What you are asked to do
These records contain pictures, which must be left out; copy exactly the lines from the one with "專程跨海來台治療脊椎側彎" up to and including the one with "Retinal Detachment is".

Short web captions
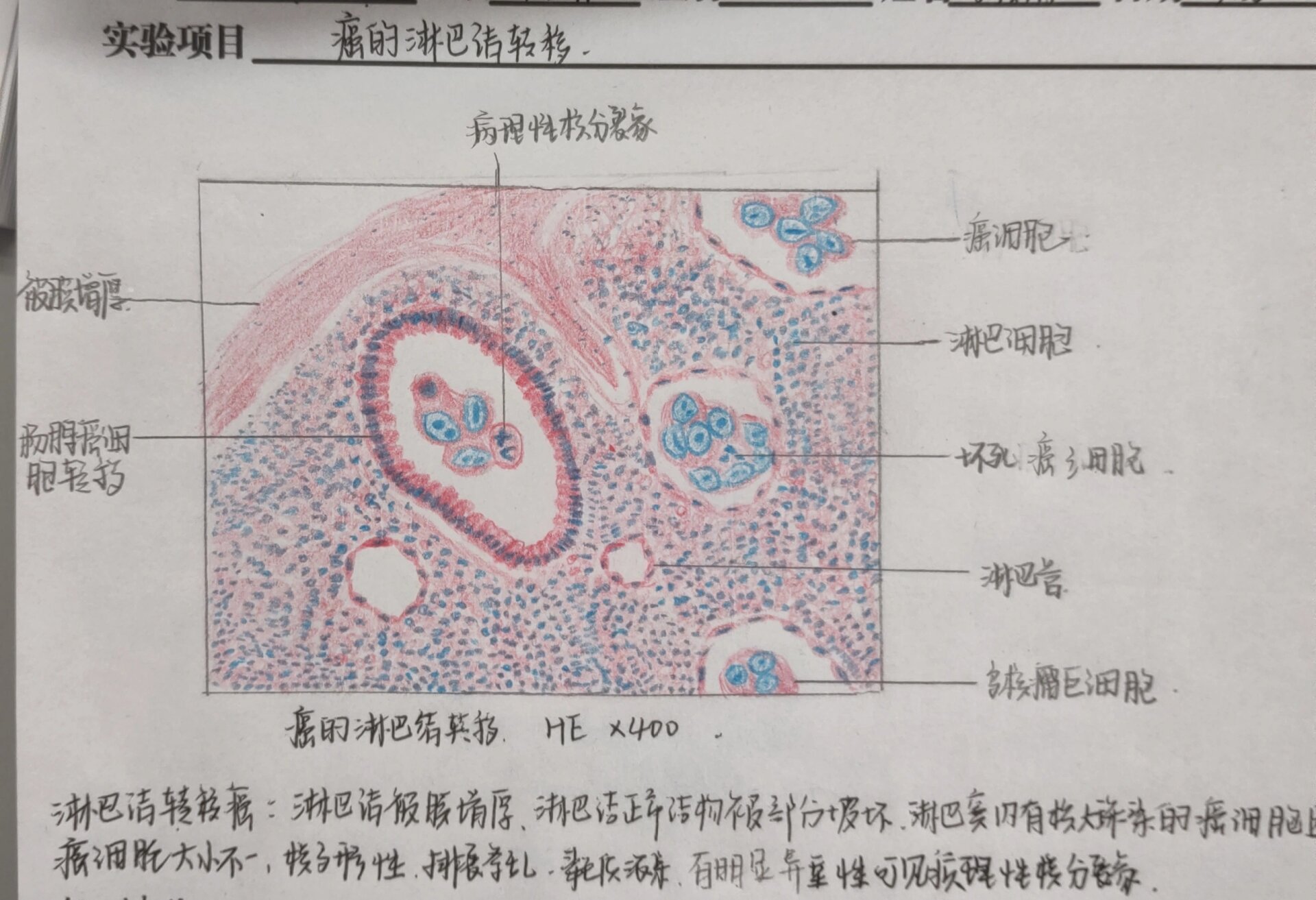 癌的淋巴结转移红蓝铅笔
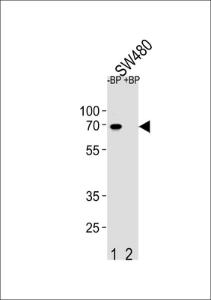 Anti-ETV5 Rabbit Polyclonal Antibody (AP (Alkaline Phosphatase))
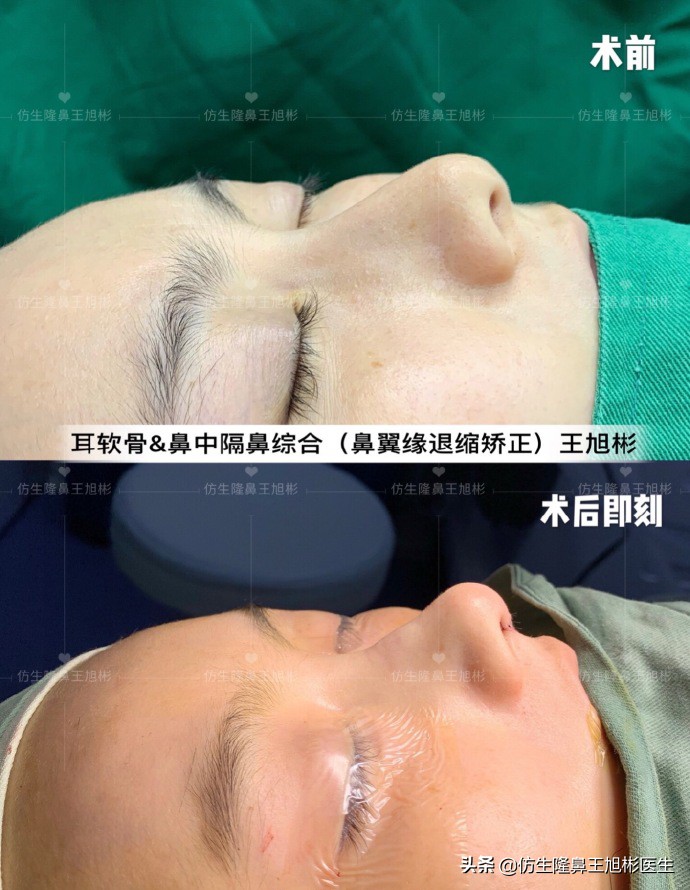 王旭彬:朝天鼻、露鼻孔,模特菲菲短鼻矫正手术后1.5个月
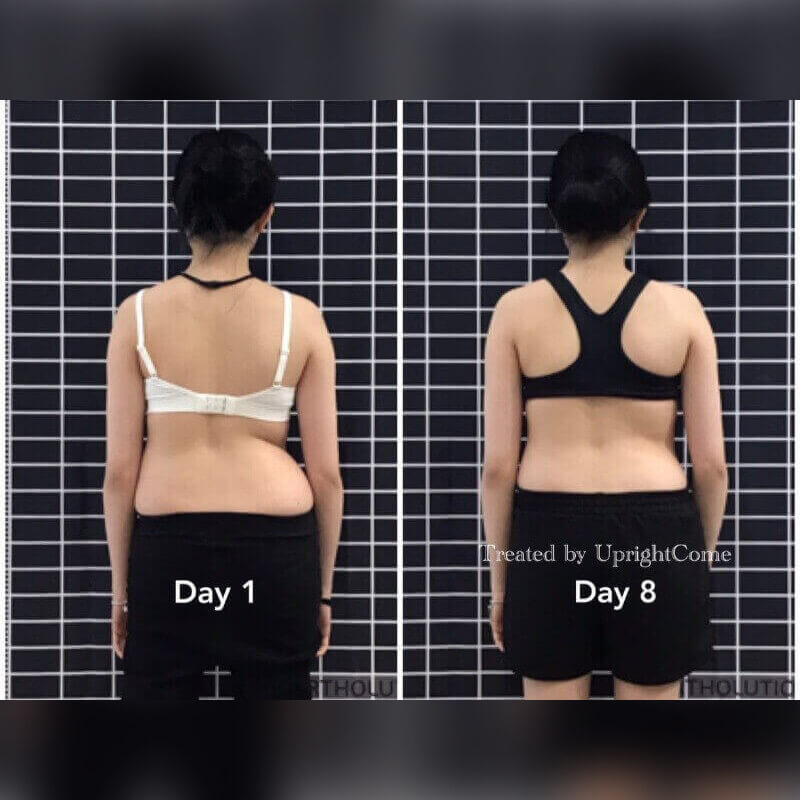 專程跨海來台治療脊椎側彎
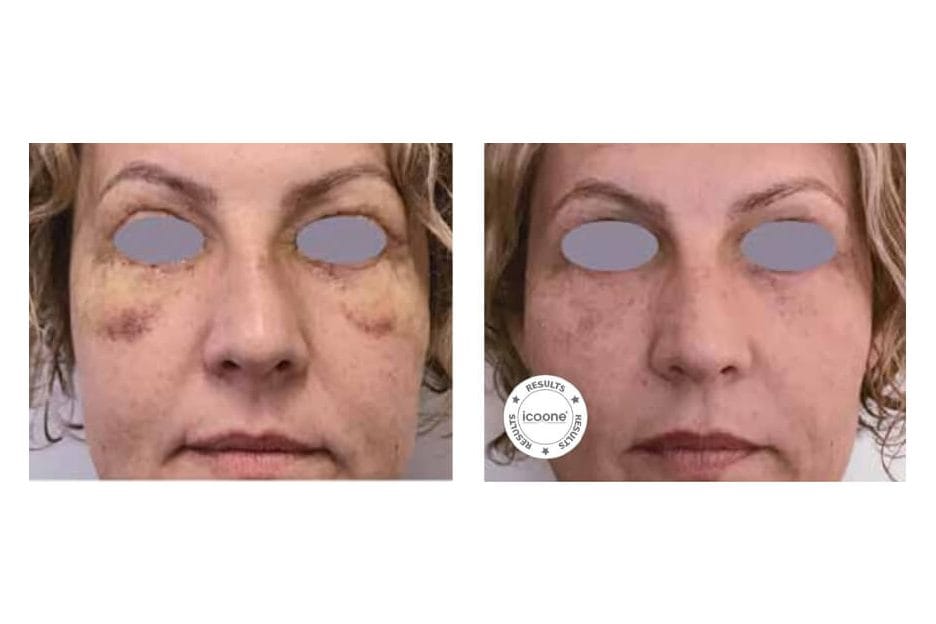 ICOONE before and after &middot; Post-surgical recovery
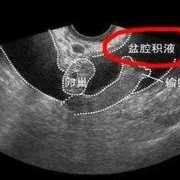 孕期盆腔积液（孕期盆腔积液）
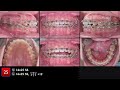 CC367. Cast-Radiograph Evaluation (CRE) Part 3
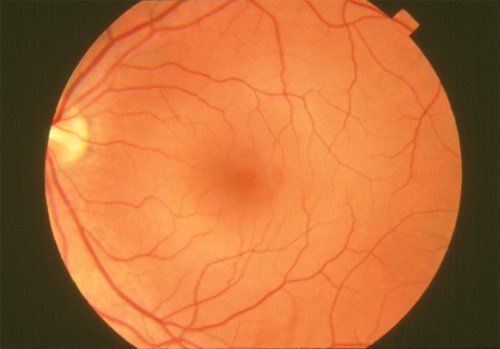 Retinal Detachment is when the #retina pulls/lifts from its normal position. Quick treatment can save vision. More: go.usa.gov/czADm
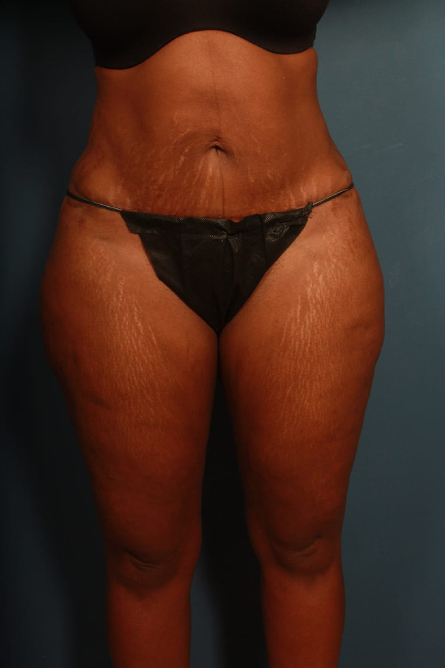 after tummy tuck female patient front view case 2187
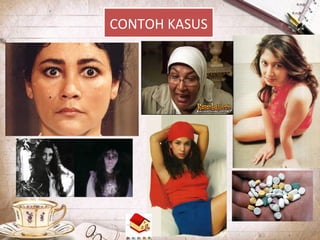 CONTOH KASUS
 
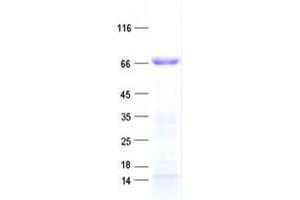 Validation with Western Blot (ZNF677 Protein (His tag))
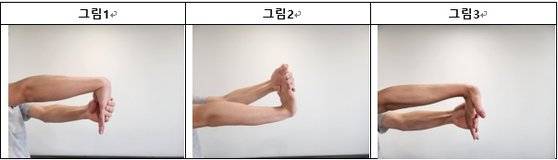 엘보 발생했을 때 도움되는 스트레칭법. 사진 서울대병원.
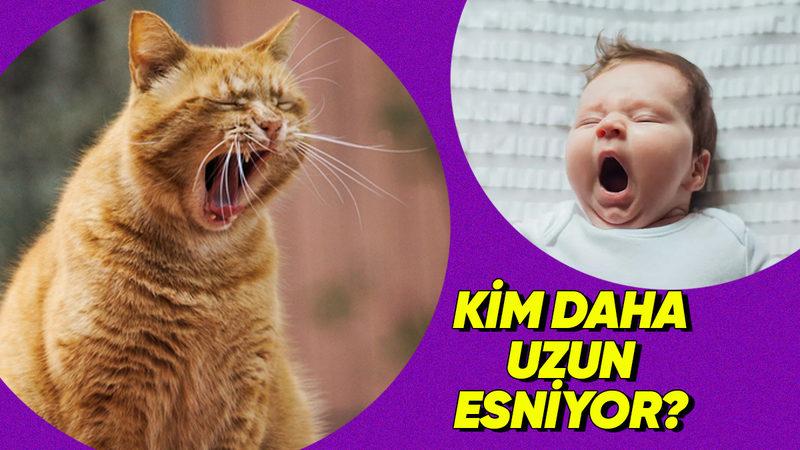 Esneme Süresi Beynin Ne Kadar Büyük Olduğunu Ele Veriyor Olabilir mi? İşte Bilimin Gözünden İlginç Bir Gerçek!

Solution to this problem
 專程跨海來台治療脊椎側彎
 ICOONE before and after &middot; Post-surgical recovery
 孕期盆腔积液（孕期盆腔积液）
 CC367. Cast-Radiograph Evaluation (CRE) Part 3
 Retinal Detachment is when the #retina pulls/lifts from its normal position. Quick treatment can save vision. More: go.usa.gov/czADm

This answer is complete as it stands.